Ruby Linguistics

Constants

MANY_RANGE
NTH: Numerical inflections
NUMBER_RANGE
NUMBER_TO_WORDS_FUNCTIONS: A collection of functions for transforming digits into word phrases. Indexed by the number of digits being transformed; e.g., NUMBER_TO_WORDS_FUNCTIONS[2] is the function for transforming double-digit numbers.
NUMEROUS_RANGE
NUMWORD_DEFAULTS: Default configuration arguments for the numwords function
ORDINALS: Ordinal word parts
ORDINAL_SUFFIXES
QUANTIFY_DEFAULTS: Default configuration arguments for the quantify function
SEVERAL_RANGE: Default ranges for quantify
TEENS
TENS
THOUSANDS
UNITS: Numeral names

Public Instance Methods

anchor

number_to_custom_word_groups( number, groupsize, zeroword="zero" )

Split the given number up into groups of groupsize and return them as an Array of words.

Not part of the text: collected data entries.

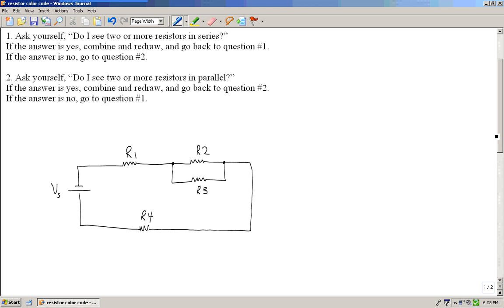Looking at our questions: the first question is, do I see two or more resistors in series? The second question is, do I see two or more resistors in parallel?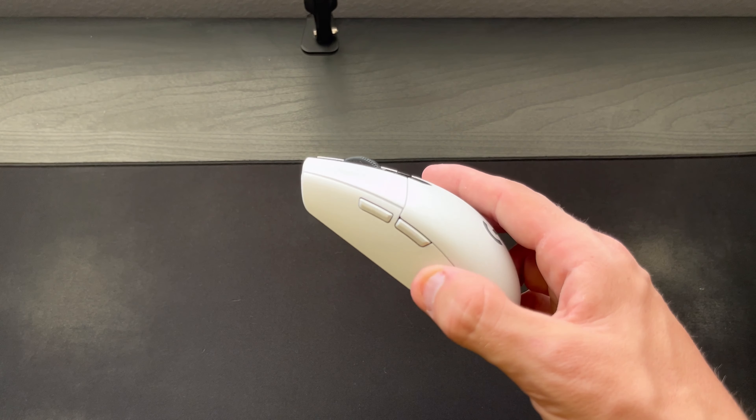To get inside of the mouse, all you have to do is pull back that little cover, and then there you can put in the AA battery. Right next to it is where you can plug in the little micro USB to connect to your computer.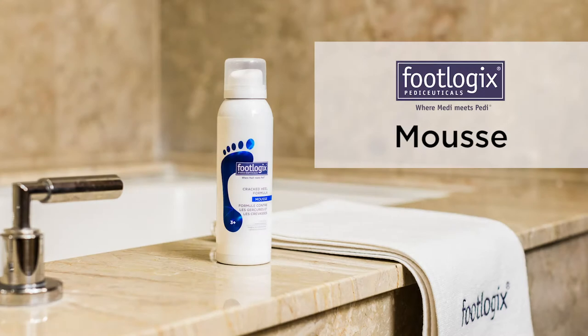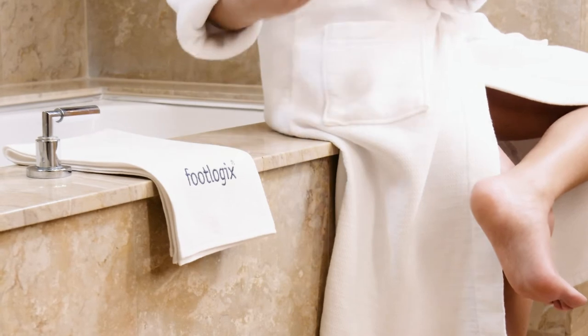How to use Footlogic's Mousse Formulas. Get transformational results for a variety of skin conditions of the feet with Footlogic's innovative mousse-based formulas.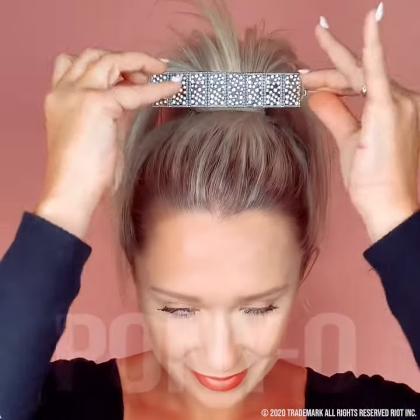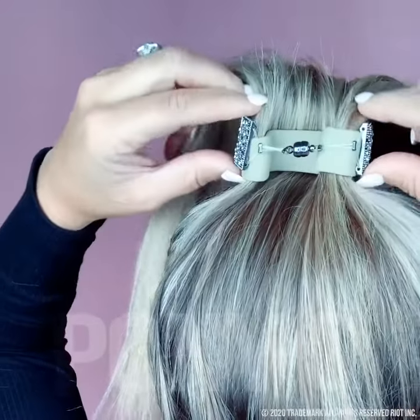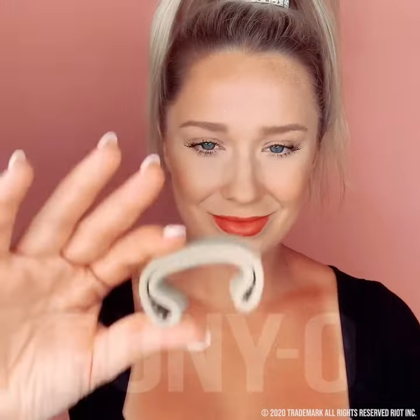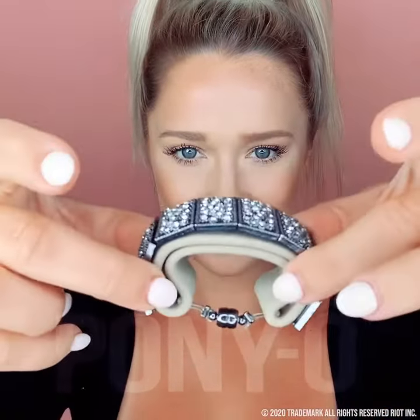Place the decorative part over the ponytail and let the magnets touch. When applying your bling ring, give a little squash to the ponytail so the magnets can come together and touch, but not so strained that it'll pop off.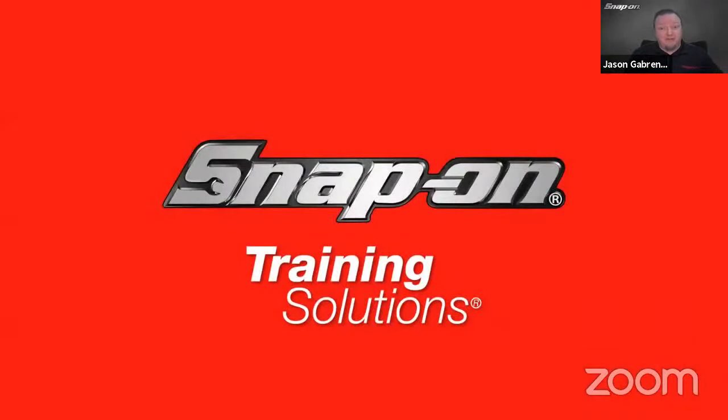Hello everyone, welcome. Thanks for joining our diagnostic training class today. If you have any questions throughout the course and you're on Zoom, look at the top or bottom of your screen, find the Q&A button, click on that, type in your question, hit submit, and I'll get to those at the end. If you're watching us live on YouTube, use the live chat function to send your questions through.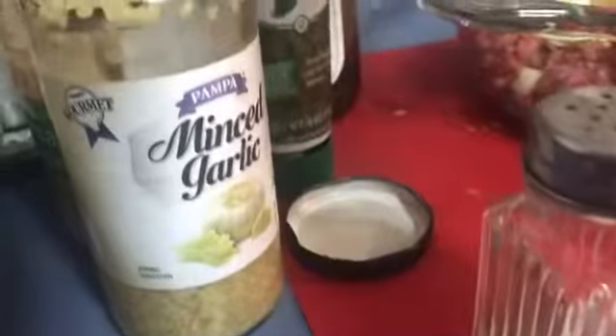There we go, got all that in there. We're going to give it some fresh garlic — it's a minced garlic from the jar. I would say about a teaspoon. Garlic is good for you.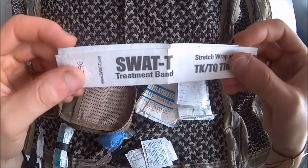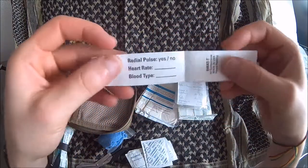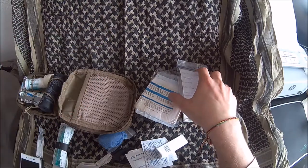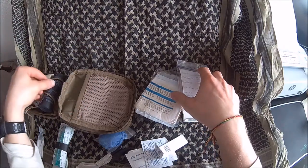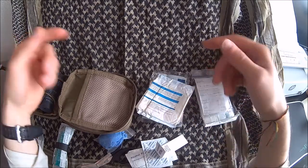Then we've got a tourniquet marker, which you're going to use to write down the time when you apply the tourniquet. That's very important, because the risks you encounter rapidly increase over time.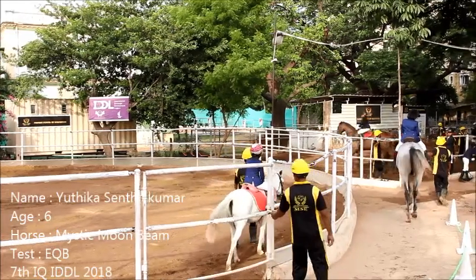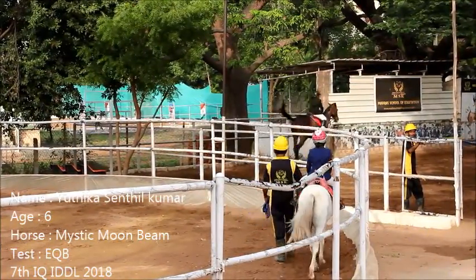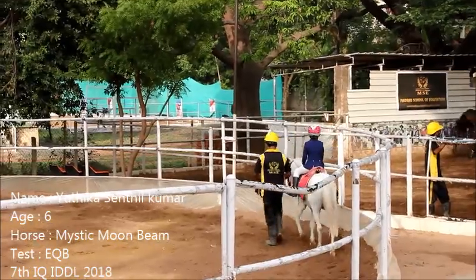Next rider, Itikha Senthil Kumar has tried Mystic Moonbeam Equitation Basic Test.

Use zeroword for any occurences of '0'.

# File lib/linguistics/en/numbers.rb, line 428
def number_to_custom_word_groups( number, groupsize, zeroword="zero" )
        self.log.debug "Making custom word groups of %d digits out of %p" % [ groupsize, number ]

        # Build a Regexp with <config[:group]> number of digits. Any past
        # the first are optional.
        re = Regexp.new( "(\\d)" + ("(\\d)?" * (groupsize - 1)) )
        self.log.debug "  regex for matching groups of %d digits is %p" % [ groupsize, re ]

        # Scan the string, and call the word-chunk function that deals with
        # chunks of the found number of digits.
        return number.to_s.scan( re ).collect do |digits|
                self.log.debug "   digits = %p" % [ digits ]
                numerals = digits.flatten.compact.collect {|i| i.to_i}
                self.log.debug "   numerals = %p" % [ numerals ]

                fn = NUMBER_TO_WORDS_FUNCTIONS[ numerals.length ]
                self.log.debug "  number to word function is #%d: %p" % [ numerals.length, fn ]
                fn.call( zeroword, *numerals ).strip
        end
end

anchor

number_to_standard_word_groups( number, andword="and" )

Split the given number up into groups of three and return the Array of words describing each group in the standard style.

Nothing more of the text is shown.